**Recorded data:**
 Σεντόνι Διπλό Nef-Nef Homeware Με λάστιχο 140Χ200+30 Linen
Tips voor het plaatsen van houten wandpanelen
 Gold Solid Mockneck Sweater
...
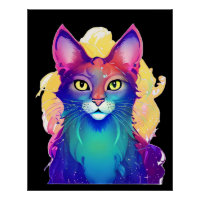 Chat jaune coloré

**Requirement:** Could you reproduce exactly the lines of the entries above, from the one with "Σεντόνι Διπλό Nef-Nef" through the one with "Gold Solid Mockneck Sweater", and nothing else?

**Problem solution:**
 Σεντόνι Διπλό Nef-Nef Homeware Με λάστιχο 140Χ200+30 Linen
Tips voor het plaatsen van houten wandpanelen
 Gold Solid Mockneck Sweater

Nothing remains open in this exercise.